Artikel sebelumnya telah menurunkan rumus orde reaksi untuk dua pereaksi menggunakan Aturan Cramer pada sistem 2×2. Artikel ini memperluas penurunan tersebut ke kasus tiga pereaksi, dengan semua konsentrasi boleh berbeda di setiap percobaan. Pola penurunannya persis sama hanya dimensi sistemnya yang bertambah dari 2×2 menjadi 3×3.
1. Persamaan Laju dan Linearisasi
Untuk reaksi dengan tiga pereaksi:
\[ v = k[A]^m[B]^n[C]^p \]
Ambil logaritma kedua ruas:
\[ \log v = \log k + m\log[A] + n\log[B] + p\log[C] \]

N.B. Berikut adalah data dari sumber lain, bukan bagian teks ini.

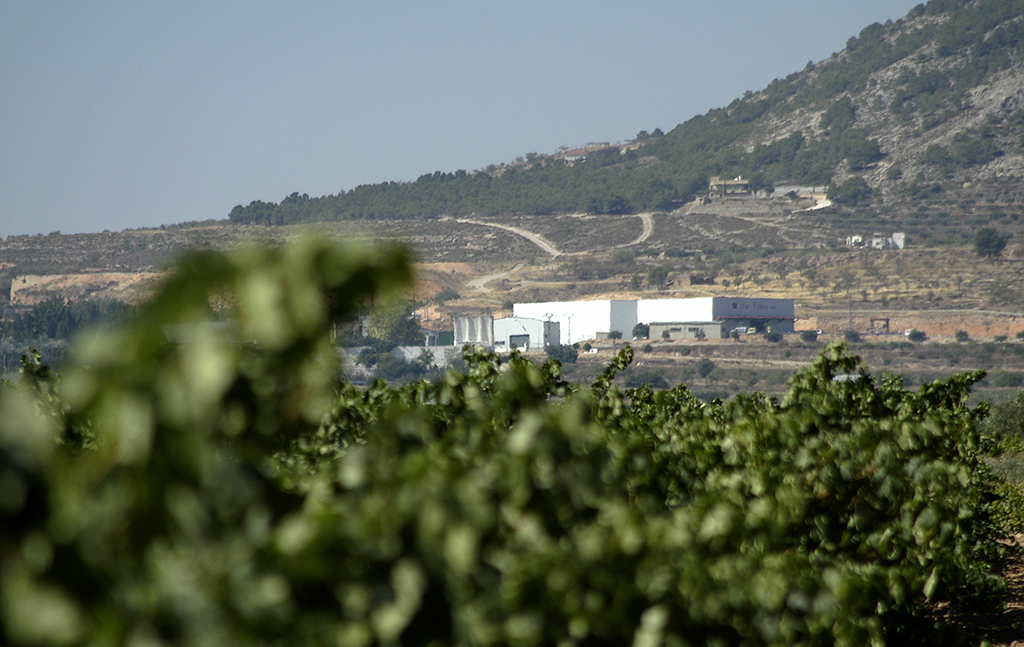 Weinerzeuger: Anecoop Bodegas - Valencia / Spanien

Persamaan ini linear terhadap tiga bilangan yang tidak diketahui: \(m\), \(n\), dan \(p\).
2. Butuh Berapa Percobaan?
Untuk dua pereaksi, ada dua bilangan tidak diketahui (\(m\) dan \(n\)), sehingga dibutuhkan minimal 3 percobaan, satu sebagai acuan, dua lainnya untuk membentuk sistem 2 persamaan setelah \(\log k\) dieliminasi.
Dengan tiga pereaksi, ada tiga bilangan tidak diketahui (\(m\), \(n\), dan \(p\)), sehingga dibutuhkan minimal 4 percobaan, satu sebagai acuan, tiga lainnya untuk membentuk sistem 3 persamaan.
3. Membangun Sistem Persamaan
| Perc. | [A] (mol/L) |
[B] (mol/L) |
[C] (mol/L) |
v (mol L-1 s-1) |
|---|---|---|---|---|
| 1 | [A]1 | [B]1 | [C]1 | v1 |
| 2 | [A]2 | [B]2 | [C]2 | v2 |
| 3 | [A]3 | [B]3 | [C]3 | v3 |
| 4 | [A]4 | [B]4 | [C]4 | v4 |
\[ \log v_1 = \log k + m\log[A]_1 + n\log[B]_1 + p\log[C]_1 \quad \cdots(1) \]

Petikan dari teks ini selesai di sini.